Nowadays, drones are not just deployed for defense and military establishments, but they are widely used in many applications such as natural disaster monitoring, soil and crop analysis, road and traffic surveillance, and consumer product delivery. Some information, such as drone identification and flight modes, can be transmitted to other drones. This information can be shared between drones by using radio frequency (RF) signals and through 5G networks. Recently, few studies have been proposed to use deep neural networks (DNNs) on RF signals for identifying drones and detecting their flight modes, such as off, on and connected, flying, hovering, and video recording. However, transmitting RF signals between drones and 5G nodes needs to be secure and decentralized; in addition, the performance of identification and detection needs to be more accurate.

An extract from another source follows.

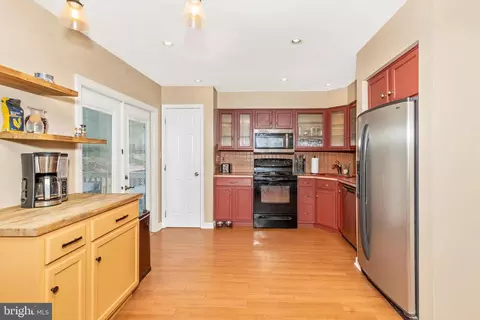 6069 Flagstone Ct, Frederick, MD 21701 photo 10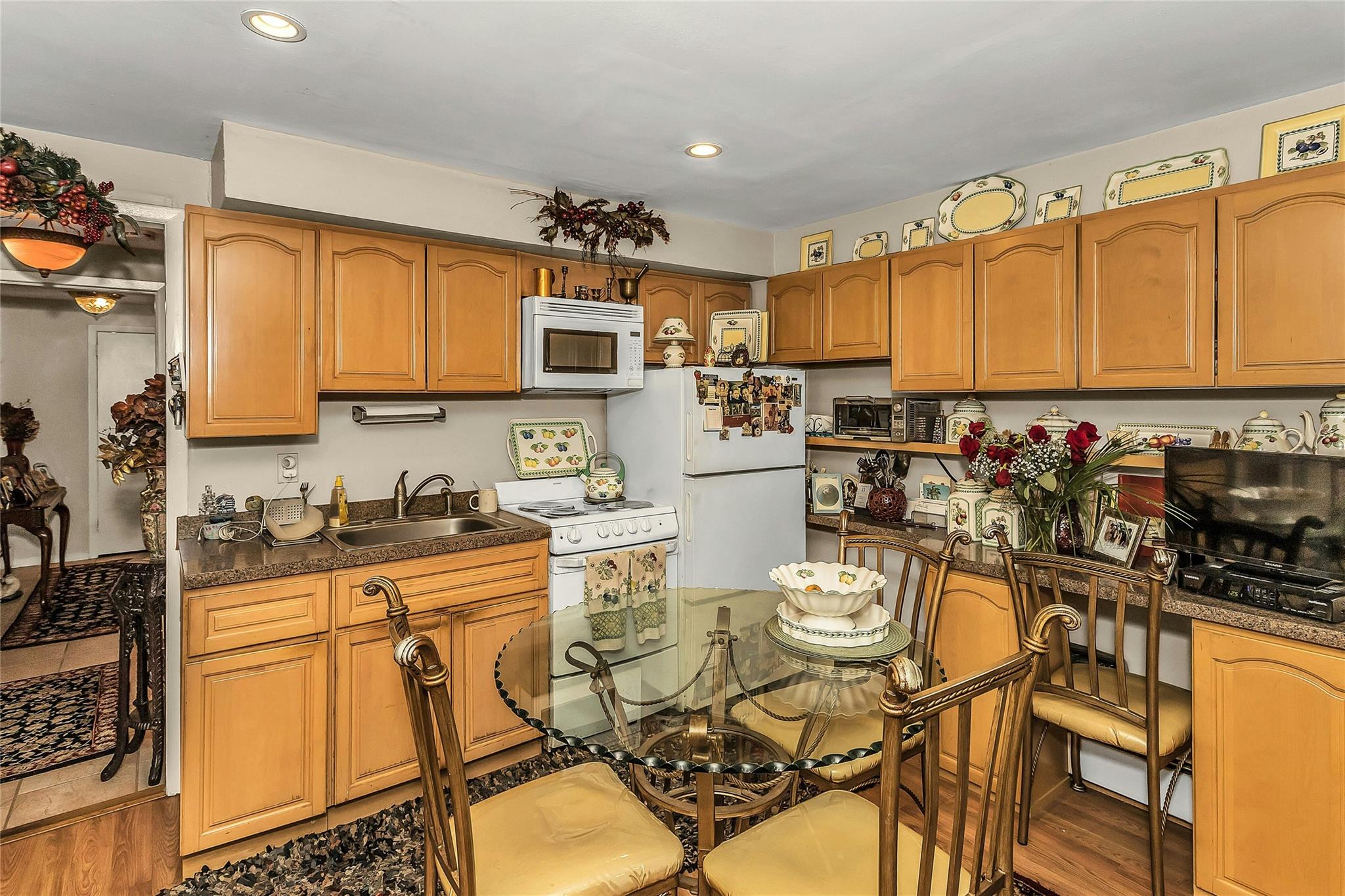1150 Langdon Street, Franklin Square, New York image 18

In this article, we introduce a framework that combines a blockchain with a deep recurrent neural network (DRNN) and edge computing for 5G-enabled drone identification and flight mode detection. In the proposed framework, raw RF signals of different drones under several flight modes are remotely sensed and collected on a cloud server to train a DRNN model and then distribute the trained model on edge devices for detecting drones and their flight modes. Blockchain is used in the proposed framework for data integrity and securing data transmission. The DRNN model is evaluated on a public dataset, called DroneRF. Experimental evaluation results show that the DRNN model of the proposed framework can detect drones and their flight modes from real RF signals with high accuracy as compared to recent related work.